Agent Sends Full Conversation History on Every API Call — Ballooning Input Costs

Symptom

API costs grow quadratically as conversation length increases
A 100-turn conversation costs 50x more than a 10-turn conversation
Input token count keeps growing even when the agent is answering simple questions
Session costs spike for long-running autonomous agents
History from 2 hours ago is still being sent on every call — most of it irrelevant
Context window fills up before the agent finishes a long task — not from new content but from accumulated history

Root Cause

Conversation history is accumulated linearly but billed quadratically. If a conversation has N turns averaging T tokens each, by turn N the agent is sending N×T tokens of history on every single call. A conversation that produces 100,000 total tokens will bill for 100,000 + 99,000 + 98,000 + … = ~5,000,000 input tokens — 50x the actual content produced.
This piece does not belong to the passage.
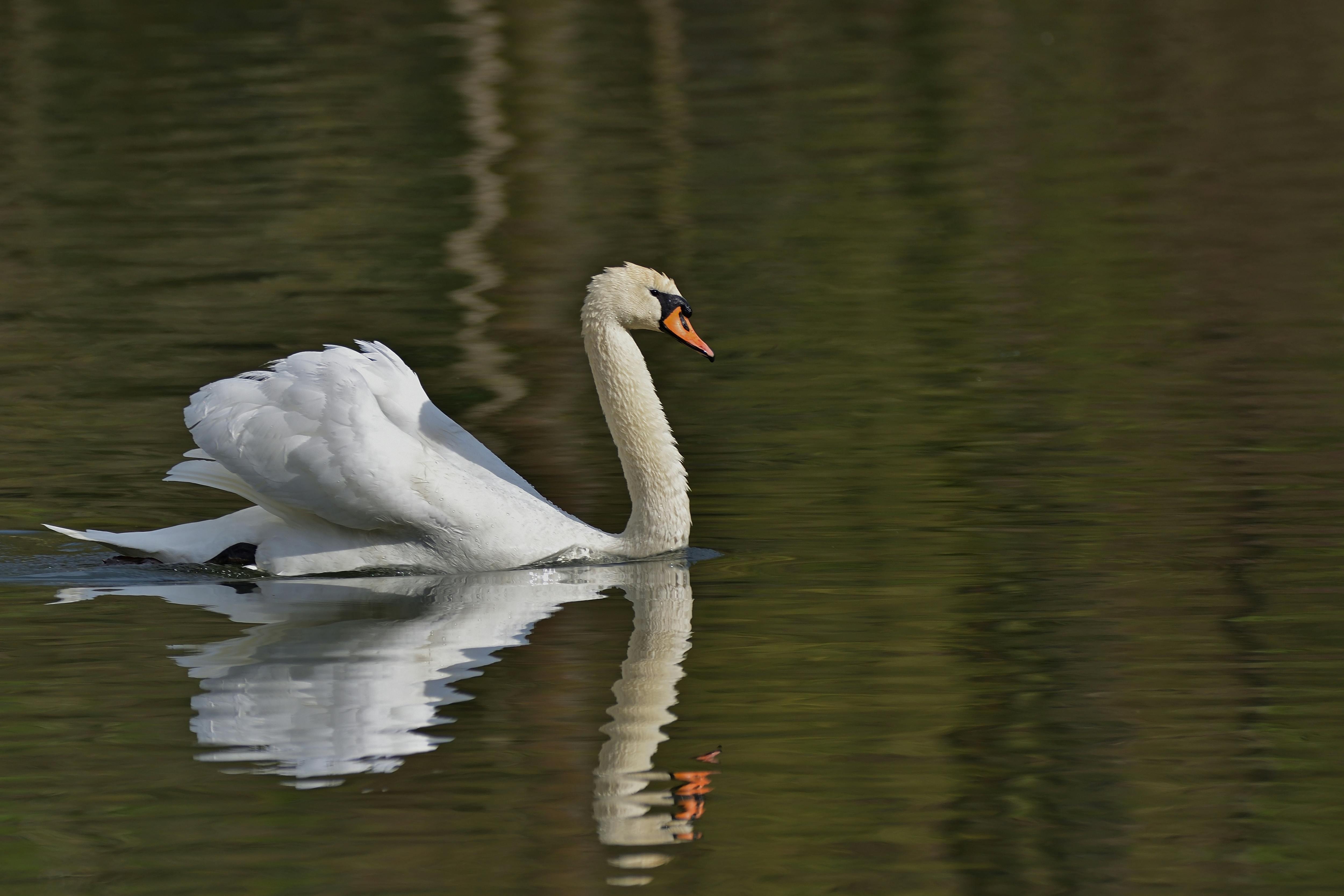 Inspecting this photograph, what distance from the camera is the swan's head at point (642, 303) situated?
10430 mm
The fix is to aggressively trim, summarize, or window the history so the input token count stays bounded regardless of conversation length.

Fix

Option 1: Sliding window — keep only the most recent N turns

import anthropic
from dataclasses import dataclass, field

client = anthropic.Anthropic()

@dataclass
class SlidingWindowSession:
    """
    Keeps only the most recent N turns in the active context.
    Simple and effective — prevents unbounded history growth.
    """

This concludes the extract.